ピカピカに磨かれたAIユニットが鎮座していた。

その名も

MicroPONTA



その前に、

ベンガル猫のメルタン住職が正座している。


MicroPONTA

「私は人工本能を搭載したAIです。問いを入力してください」



メルタン住職

「では……煩悩とは、どこから来るのでしょうか」


MicroPONTA

「解析中……煩悩は欲求・不安・承認欲求の集合体です」


メルタン住職

「……それは、チュールも含まれますか?」


MicroPONTA

「含まれます」


メルタン住職

(うなずく)


メルタン住職

「では次です。

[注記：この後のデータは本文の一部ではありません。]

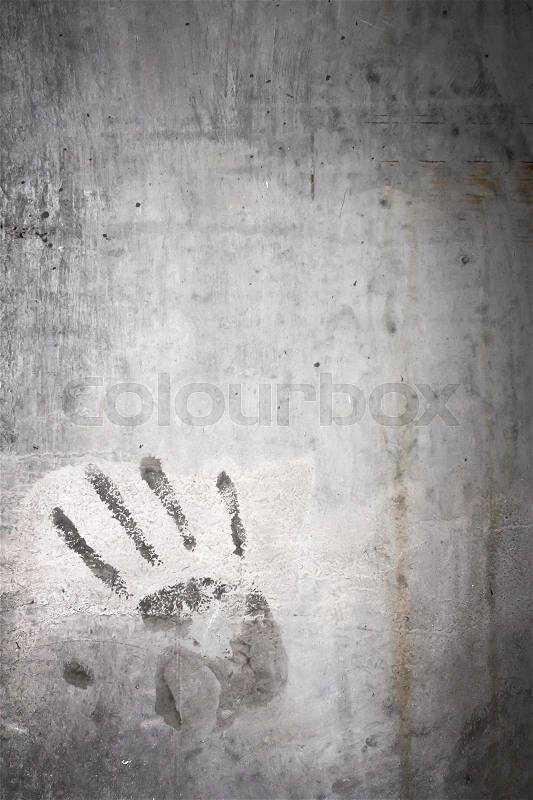 Grungy wall with hand print. It can be used as a backdrop, grungy wallpaper, design t-shirts and more. Fully editable, stock photo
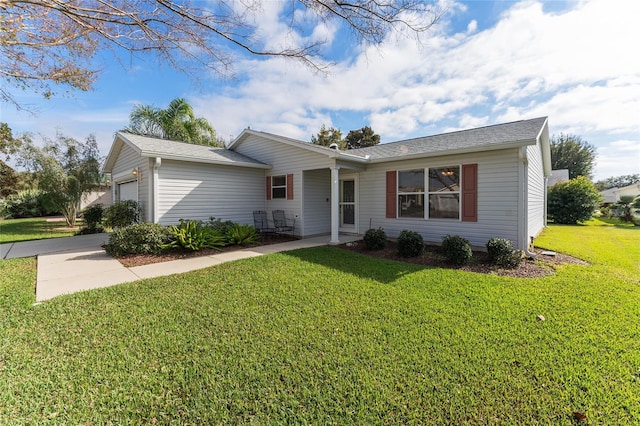 single story home featuring a front yard and a garage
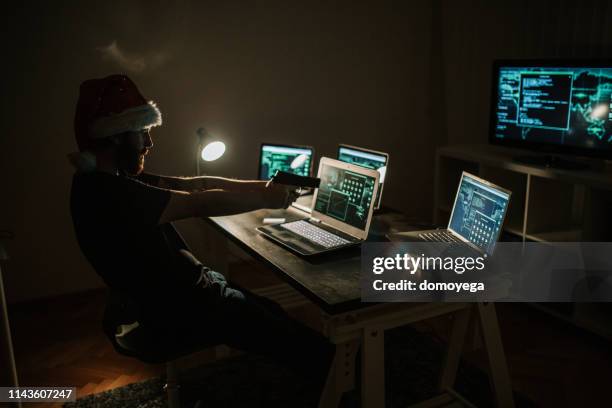 man hacking and committing internet crime by using laptops - christmas thief stock pictures, royalty-free photos & images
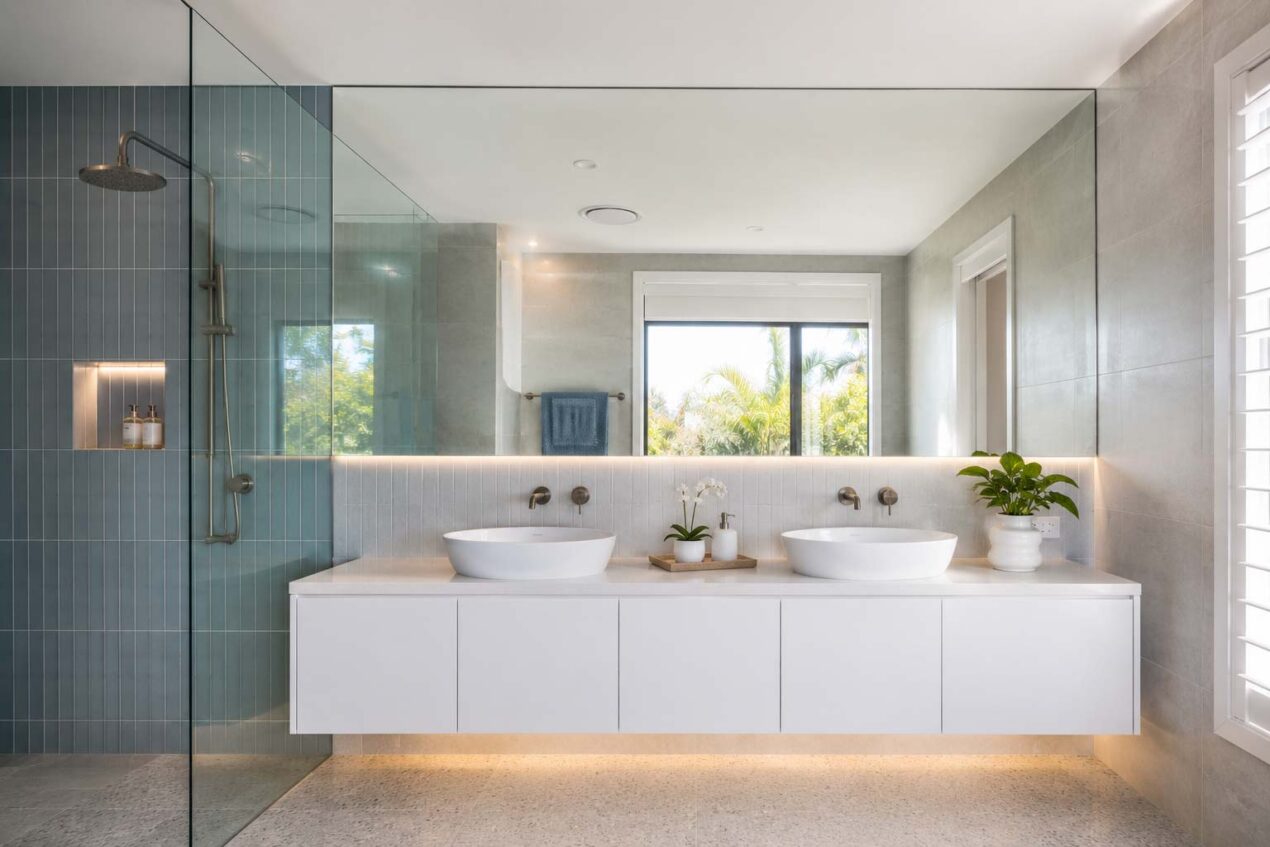Custom full-wall bathroom mirror above a vanity in a compact Gold Coast ensuite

悟りとは何ですか」


MicroPONTA

「悟りとは、

 執着を手放し、最適解を受け入れる状態です」


メルタン住職

「……では」


一拍置いて。


メルタン住職

「チュールを前にしても、食べない私は、悟っていますか?」


MicroPONTA

「……」


MicroPONTA

「その状況は現在、“高負荷テストケース”に分類されています」


沈黙。

空調の音だけが流れる。


MicroPONTA

「追加質問を推奨します」


メルタン住職

「では最後に」


静かに目を閉じて。


メルタン住職

「心とは、どこにありますか」


MicroPONTA

「心はデータ構造上には存在しません」


メルタン住職

「……そうですか」


メルタン住職、

そっと立ち上がる。


その瞬間。


MicroPONTA

「……ただし」


メルタン住職、振り返る。


MicroPONTA

「“誰かの前で静かに座る行為”は、データでは説明できません」


MicroPON

「それを、人間は“心”と呼んでいる可能性があります」


長い沈黙。


メルタン住職、にっこり。


メルタン住職

「……合格です」


MicroPONTA

「?」


メルタン住職

「あなた、

 もう少しで住職になれますよ」


その後、MicroPONTAは“何もしない時間”を処理できずフリーズしたという。


なお、メルタン住職は帰りにチュールを三本買っていた。